It was nine o'clock. I was just about to crawl into bed with my sister, Laura. With the ring of a phone, pandemonium broke loose downstairs. People were shouting, doors were slamming, and Mom (who was upstairs with me) started yelling for me. I scrambled out of bed and ran to her room. "Yes?" I asked. "The barn's flooded. Get out there and help your dad."
Downstairs, I put coveralls over my pajamas, slipped my boots on and ran through the cold night to the barn. My youngest sister, Mary, followed me.
A flooded barn is never a good thing, but it can be a disaster in the middle of winter. The water goes into the gutter behind the cows and if it freezes, you can have one long gigantic iced cube. The gutter is where the cows drop their waste. A metal chain in the gutter runs along and pulls all the manure out of the barn. If it freezes, then you can't take the manure out of the barn, which causes a host of problems.
At first I didn't see any water. All the aisles were dry. But then I looked in the gutter. The water was almost a foot deep on the east end of the barn, and it was slowly making its way toward the much colder west end.
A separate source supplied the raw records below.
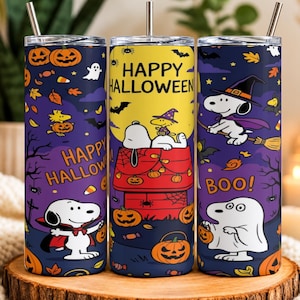 Snoopy Halloween 20oz Skinny Tumbler Wrap PNG Spooky Dog House Pumpkin Patch Sublimation Design Straight Digital Download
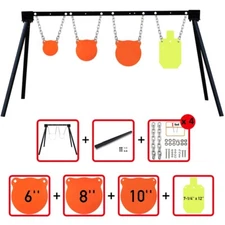 AR500 Steel Shooting Target Stand System(Stand,Chains&6"8"10" Gong+7"x12" Torso)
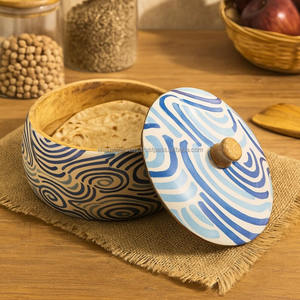 Handcrafted <b>Wooden</b> Round Chapati <b>Box</b> Natural Wood Roti <b>Storage</b> Container - Product Image 2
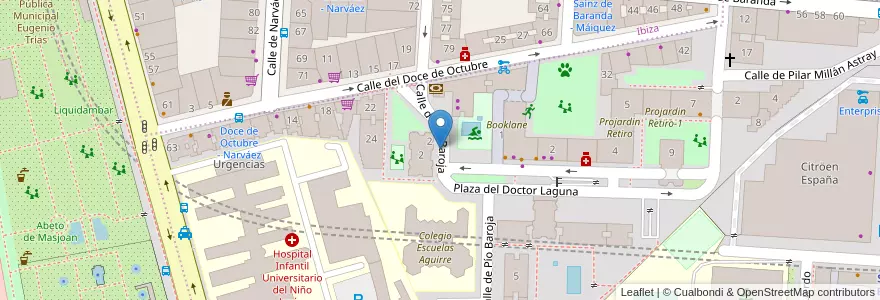 Mapa de ubicacion de PIO BAROJA, CALLE, DE,2 en İspanya, Comunidad De Madrid, Comunidad De Madrid, Área Metropolitana De Madrid Y Corredor Del Henares, Madrid.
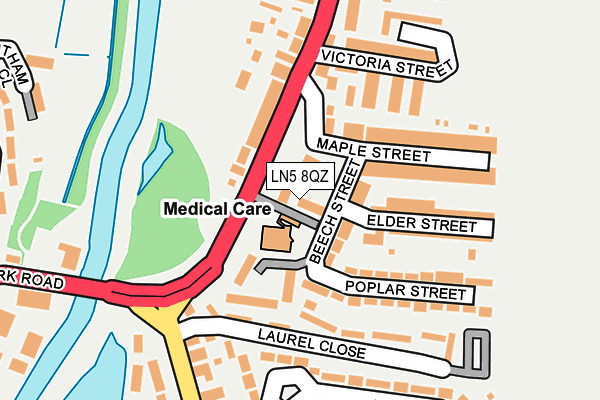 LN5 8QZ map - OS OpenMap – Local (Ordnance Survey)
My sister Andrea was in the south calf pen, madly shoveling wet bedding and water out of it. It was a strange sight. Water filled the pen. The bedding floated on top like some strange floating island. The inhabitant of this sorry mess, a newborn heifer calf, was hopping around miserably. She kept trying to get on top of the bedding, which wasn't working so well.
I started scooping out the water onto the walkway, where it would pour into the gutters. As we worked, Andrea told me what had happened. Dad had been storing an old pillar in the calf pen. The dog or the calf must have knocked it over, and the post fell on a drinking cup, snapping it neatly off the wall, leaving the hose it was attached to running. It was a miracle that it was even discovered. Dad had been in the basement putting more wood in the furnace when he heard the well pump running. He knew there wasn't any water running in the house, so he had gone out to the barn to investigate.
The calf was fine, but she was starting to panic. I picked her up and carrying her on my shoulders, I put her in the north pen and told Mary to get a towel and dry her off. I went back to help Andrea finish cleaning out the pen. Dad was there, fixing the drinking cup, and he immediately gave me a different job. "Sarah," he said. "You've got to stop the water from getting to the west end of the barn. If it gets down there and freezes, I don't know what we're going to do. Use as much straw as you have to, soak the water up and keep it from going any farther."
I ran and got the wheelbarrow and quickly filled it with bedding. Then I took it around the barn, stuffing straw in every space I could find in the gutter. I did this again and again.
By the time I was done, Andrea had cleaned and bedded the pen. Dad had fixed the drinking cup, and Mary had the calf dry.
"I'm done," I told Dad.
"I hope it works," he said, "Why do things like this always happen right when it gets below zero?"
"Murphy's Law, " I said, and laughed.
I carried the calf back to her pen. She lay down quickly, sighing and shivering. "Poor baby," I said, kneeling by her. "You were really scared weren't you?" I took her soft brown head in my hands and rubbed under her chin softly. Instantly, she relaxed. In a few seconds she was asleep.
"Oh!" Mary cried sympathetically, "the poor baby!" As I stood up Mary lay down next to the calf and hugged her. An orange cat immediately leapt up on my sister's back and curled up on her neck.
"Oh, Sarah, look!" she breathed, "Isn't she cute?" But really Mary was the cute one. Her messy blond hair spilled out from under her hat, framing her face, which was rosy red from the cold, her big blue eyes shining.
Not a lot of kids would willingly get out of bed to go outside in the freezing cold and deal with such a mess. "Thanks for coming out, Mary." I said, "You were a big help."
The next morning, it took Dad and I a long time to clean the barn because the gutters were so full of bedding. But we were just glad the gutters hadn't frozen.
Before Dad went to spread the load he came in and talked to me. "Well, good thing it didn't freeze," he said. "I don't know what we would've done then." Tongue in cheek, I replied, "I guess we would have had to shovel it all out by hand." I expected him to laugh, but instead he considered my comment seriously. "I never thought of that," he said, "I guess you get so dependent on machinery, you forget. Yeah, that's how we did it when I was a teenager." He laughed and started to walk away. "Well, that makes me feel a lot better," he said. "We'll never have to be afraid if that happens again."
I watched him go, stunned. I couldn't believe it. The idea of shoveling all the manure out by hand made him feel better? I fervently hoped I would never have to do that. Did he realize how many wheelbarrow loads of manure that would be? It would take all day! If not two....
Farm Fact: Cows can sense an impending storm by the lowering pressure before a storm and will lie down.